+++ DATASET +++

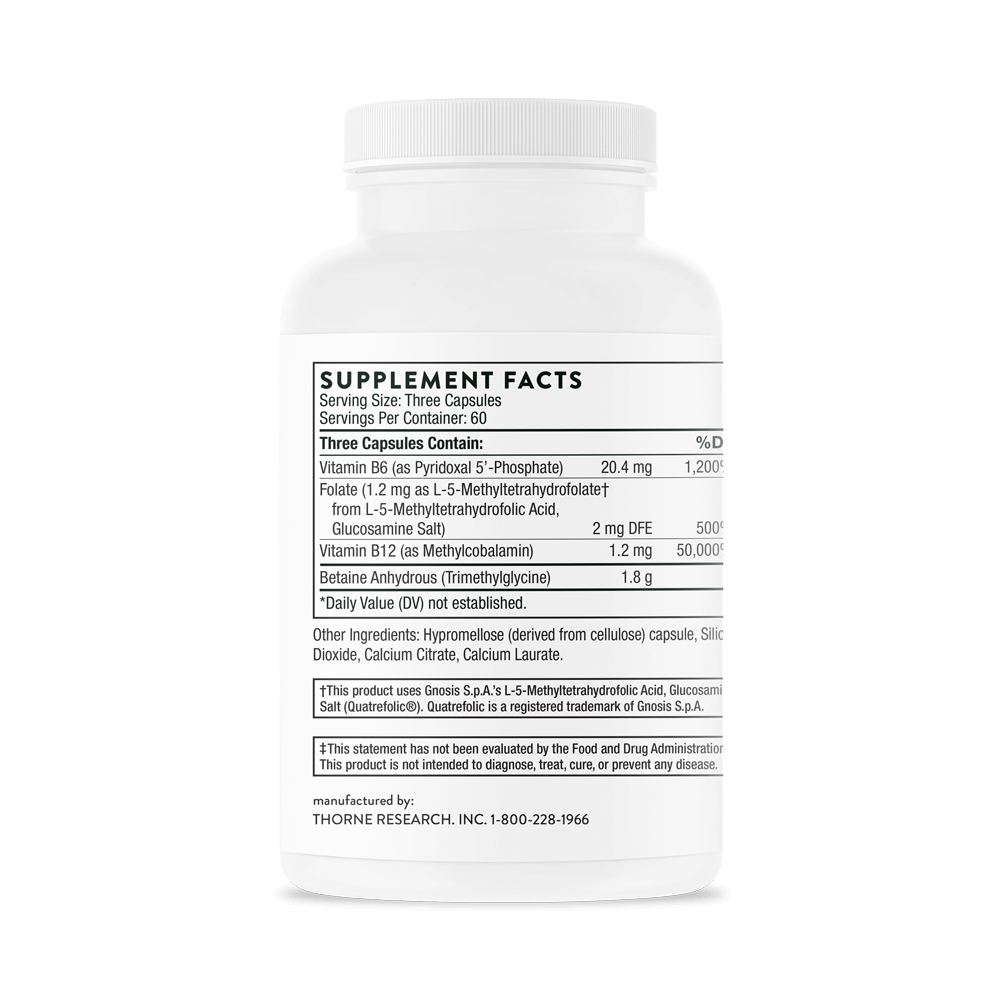 Methyl-Guard® - Thorne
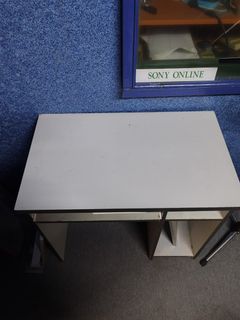 Table Office & Chair, Furniture & Home Living, Furniture, Tables & Sets ...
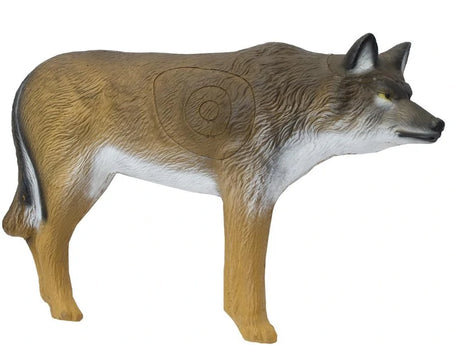 Cible 3D SRT Loup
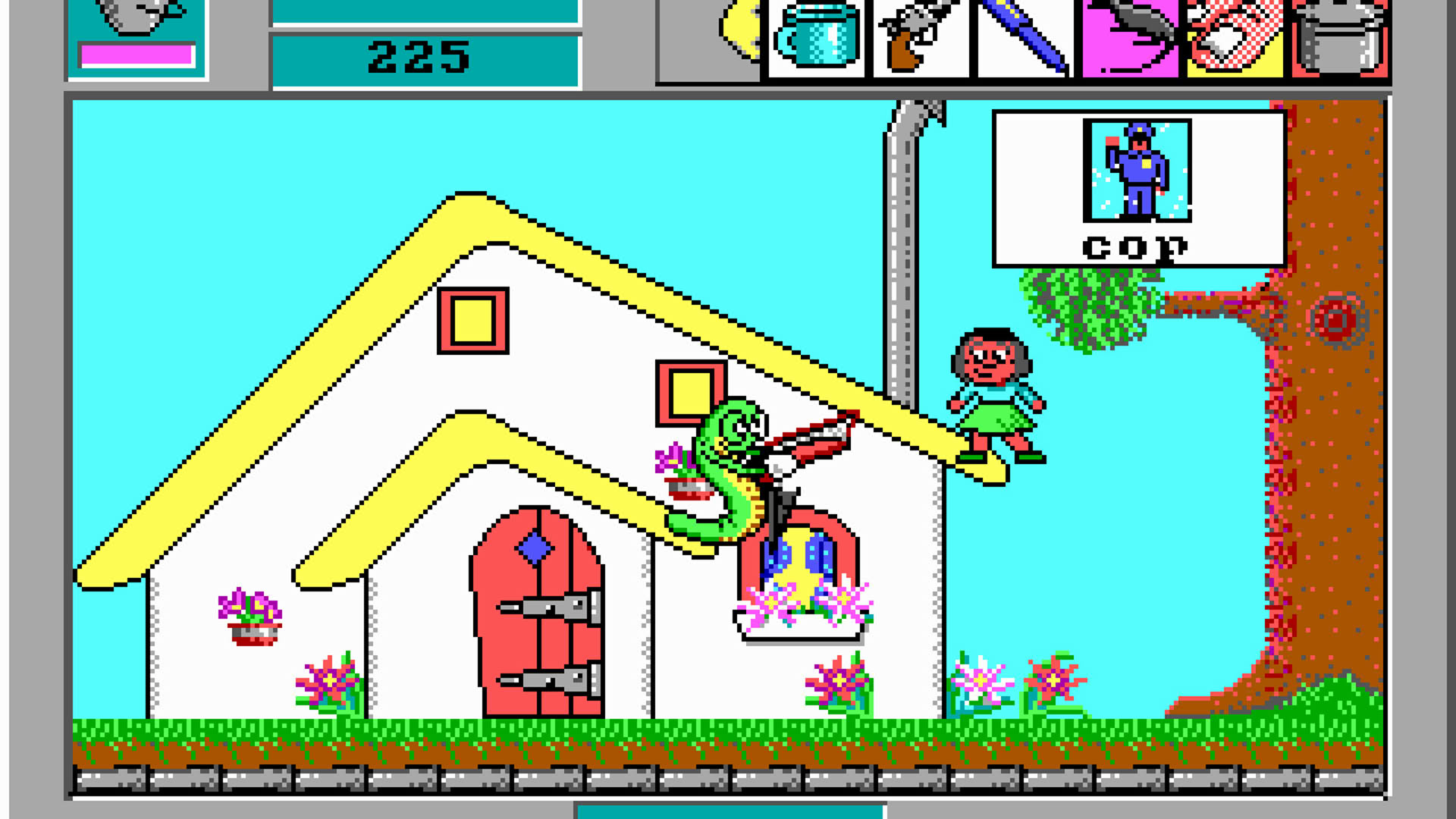 Screenshot for Word Rescue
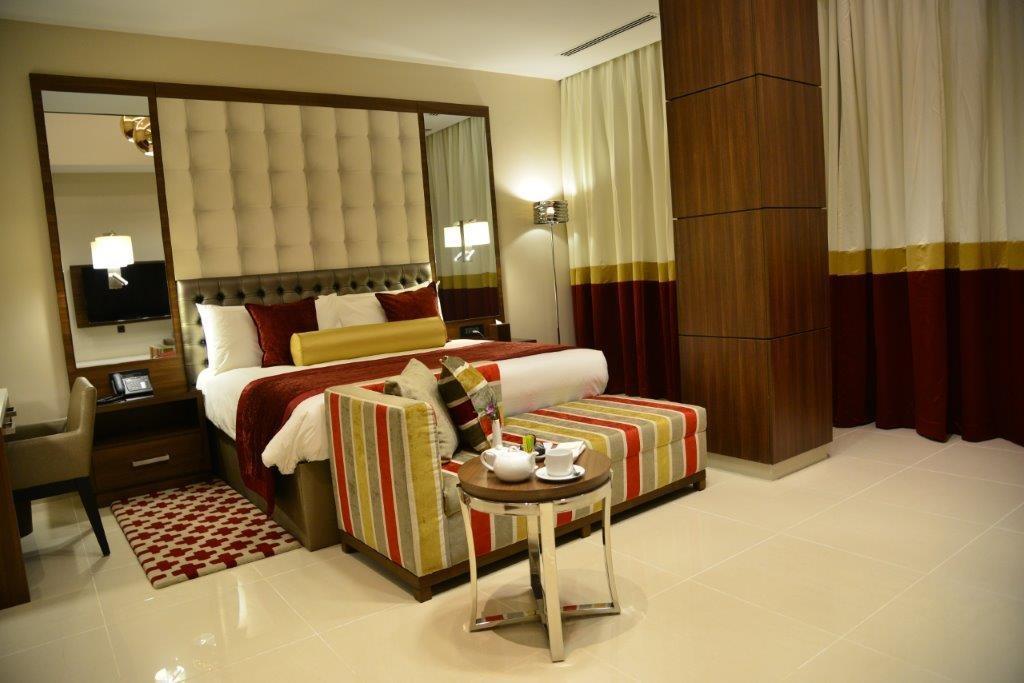 The Envoy Hotel Abuja Extérieur photo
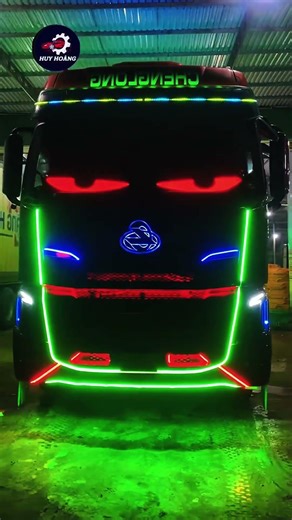 LED MATRIX PANEL #ledlights #automobile #thetransitprodigy #flexibleled #alightmotion #truckdriver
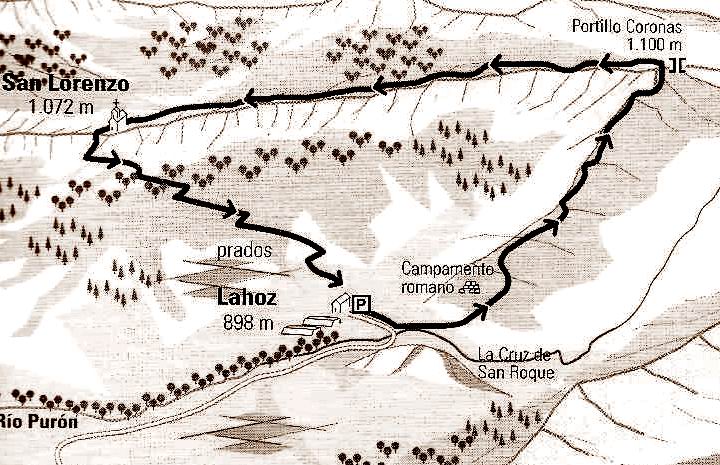 Vuela ermita San Lorenzo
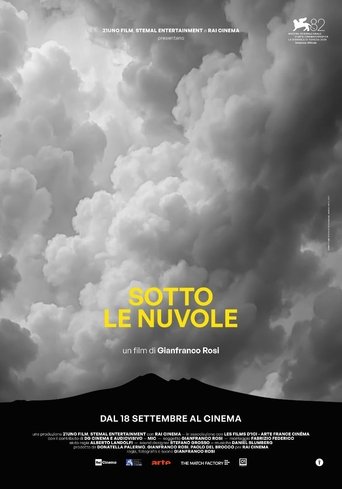 Poster of Below the Clouds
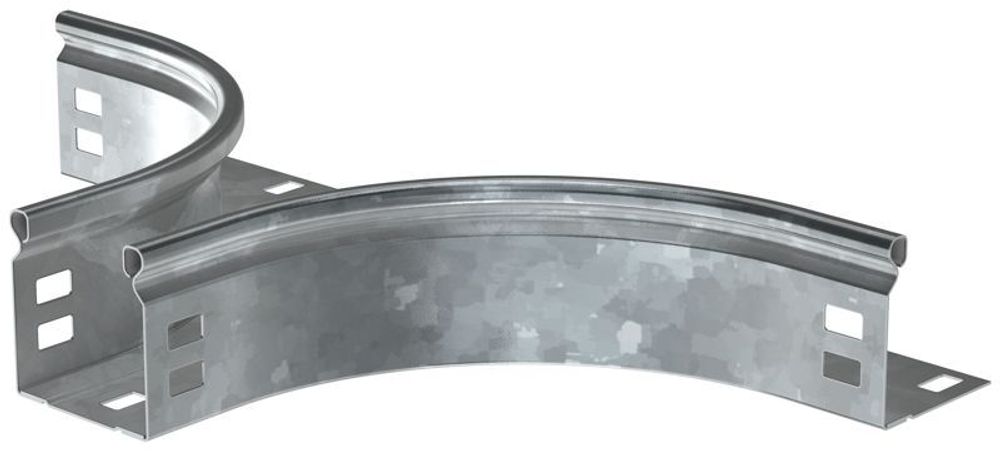 Отвод Т-образ. плавн. тип Г01 ESCA 80х150мм HDZ IEK COT01-0-080-150-HDZ Отвод Т-образ. плавн. тип Г01 ESCA 80х150мм HDZ IEK COT01-0-080-150-HDZ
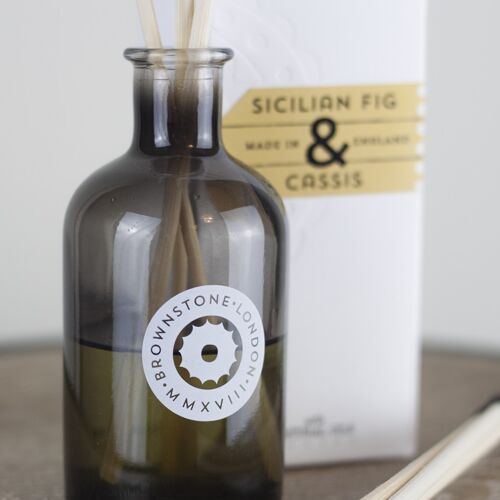 Sicilian Fig & Cassis Diffuser - 100ml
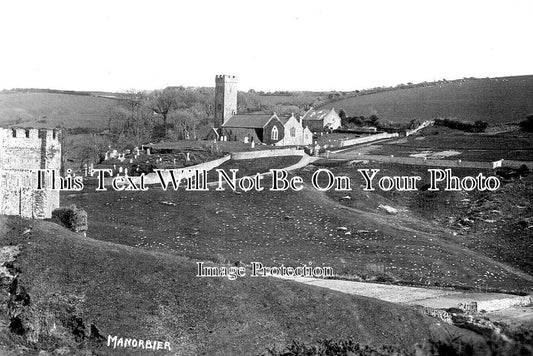 WL 1487 - Manorbier, Wales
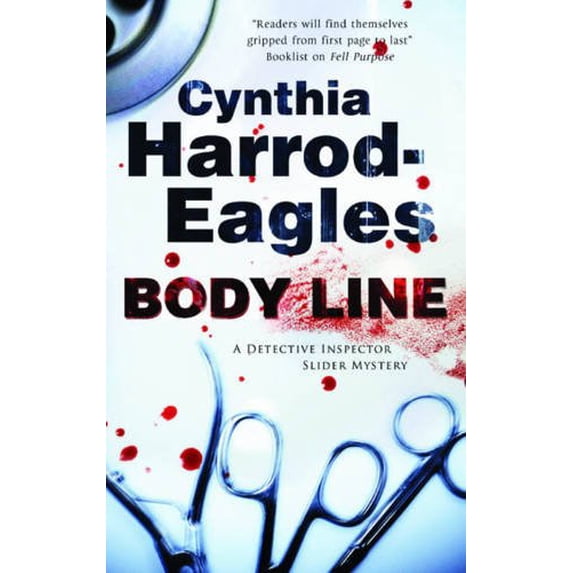 Pre-Owned Bodyline: 13 (A Bill Slider Mystery, 13) Paperback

+++

## REQUIREMENT
Only the lines from the one that contains "Cible 3D SRT Loup" to the end of the records, inclusive, are to be quoted exactly, with pictures excluded.

## OUTPUT OF THE TASK
 Cible 3D SRT Loup
 Screenshot for Word Rescue
 The Envoy Hotel Abuja Extérieur photo
 LED MATRIX PANEL #ledlights #automobile #thetransitprodigy #flexibleled #alightmotion #truckdriver
 Vuela ermita San Lorenzo
 Poster of Below the Clouds
 Отвод Т-образ. плавн. тип Г01 ESCA 80х150мм HDZ IEK COT01-0-080-150-HDZ Отвод Т-образ. плавн. тип Г01 ESCA 80х150мм HDZ IEK COT01-0-080-150-HDZ
 Sicilian Fig & Cassis Diffuser - 100ml
 WL 1487 - Manorbier, Wales
 Pre-Owned Bodyline: 13 (A Bill Slider Mystery, 13) Paperback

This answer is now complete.